**DESCRIPTION OF THE TASK**
Once the pictures are removed, reproduce what is left of the data below exactly.

**INFORMATION SHOWN**

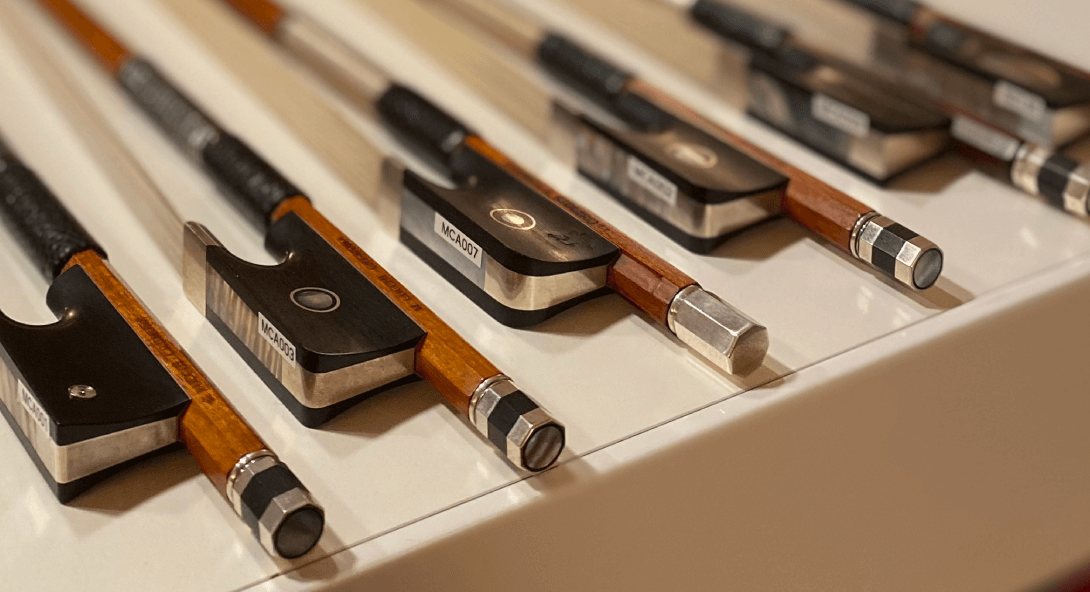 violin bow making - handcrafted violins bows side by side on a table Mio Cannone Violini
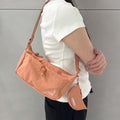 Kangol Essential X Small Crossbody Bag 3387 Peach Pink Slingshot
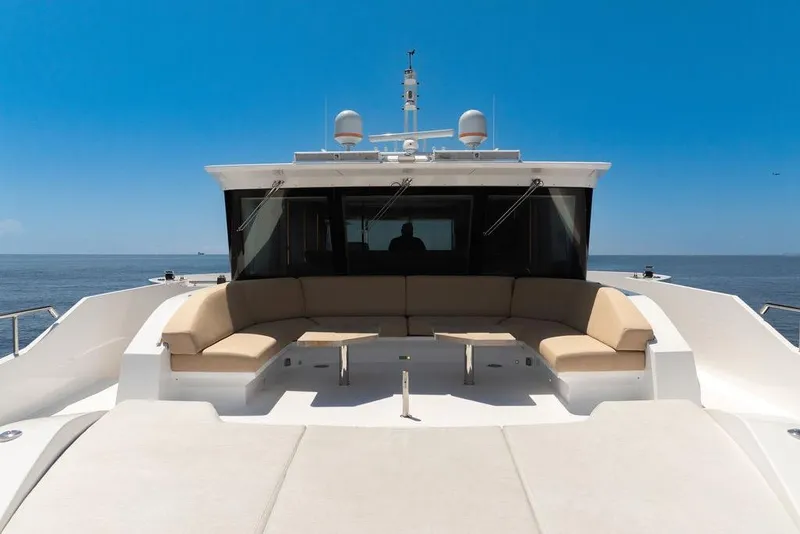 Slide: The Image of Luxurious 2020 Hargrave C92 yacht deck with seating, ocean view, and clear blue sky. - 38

**FINISHED TASK**
 violin bow making - handcrafted violins bows side by side on a table Mio Cannone Violini
 Kangol Essential X Small Crossbody Bag 3387 Peach Pink Slingshot
 Slide: The Image of Luxurious 2020 Hargrave C92 yacht deck with seating, ocean view, and clear blue sky. - 38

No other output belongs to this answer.